Milei ha aggiunto di aver dedicato la presidenza protempore argentina a far sì che “come blocco, ci si muova verso uno schema commerciale e regolatorio molto più libero, al posto della cortina di ferro alla quale oggi siamo sottoposti, in cui ogni Paese possa godere di maggiore autonomia per sfruttare i propri vantaggi comparativi e il proprio potenziale esportatore”.

Secondo il presidente, “la barriera che abbiamo alzato per proteggerci commercialmente ha finito per escluderci dal commercio e dalla competizione globale e ha punito le nostre popolazioni con beni e servizi peggiori a prezzi peggiori, il che ha contribuito a frenare la crescita delle nostre economie”.

Rivendica, Milei, alcune scelte avvenute durante la sua presidenza del blocco. “In primo luogo – chiarisce – abbiamo ampliato la lista delle eccezioni alla tariffa esterna comune affinché i nostri cittadini e le nostre imprese possano accedere a più beni e servizi a prezzo internazionale”.

Non solo. “Abbiamo anche portato avanti – continua – la nostra proposta di revisione della tariffa esterna comune, che è eccessivamente alta e dannosa per i consumatori dei nostri Paesi”.

Ai suoi omologhi dei Paesi membri (Brasile, Bolivia, Paraguay e Uruguay) e associati (Cile, Colombia, Ecuador, Perù, Panama, Guyana e Suriname) lascia una raccomandazione: “Dobbiamo, in definitiva, smettere di pensare al Mercosur come uno scudo che ci protegga dal mondo e cominciare a concepirlo come una lancia che ci permetta di penetrare efficacemente nei mercati globali”.

Con la vena polemica che gli è congeniale, ha dirottato il discorso su un altro dei suoi cavalli di battaglia: la casta. “Il costo opportunità dovuto alla pigrizia amministrativa – ha osservato – non lo paga mai il burocrate, ma l’imprenditore e, per estensione, il lavoratore.

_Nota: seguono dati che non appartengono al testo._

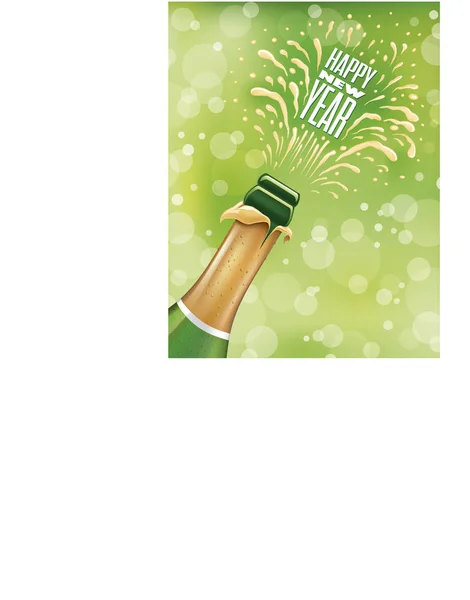 Happy New Year Background Champagne Bottle Popping Explosion — Stock Vector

Non possono esistere imprese senza mercati, e non può esistere lavoratore senza impresa”.

In un altro passaggio del suo discorso, il presidente argentino ha condannato le detenzioni illegali in Venezuela, Paese ammesso nel Mercosur nel 2012 e sospeso nel 2016. “In particolare – ha detto – ribadiamo la nostra ferma richiesta per l’immediata liberazione del gendarme argentino Nahuel Gallo”. Un giovane entrato nel Paese per fare visita alla compagna e alla figlia e arrestato con l’accusa di spionaggio.

Altro tema caro al presidente è la lotta alla criminalità organizzata: “In materia di sicurezza, affrontiamo l’enorme sfida di estirpare dalla regione il cancro del crimine organizzato, principalmente il narcotraffico, che non riconosce alcuna frontiera e ci distrugge tutti”.

E rilancia l’idea della creazione di un’Agenzia del Mercosur contro il crimine transnazionale. “Si tratta di una risorsa che non può attendere – asserisce –. Dobbiamo agire con urgenza”.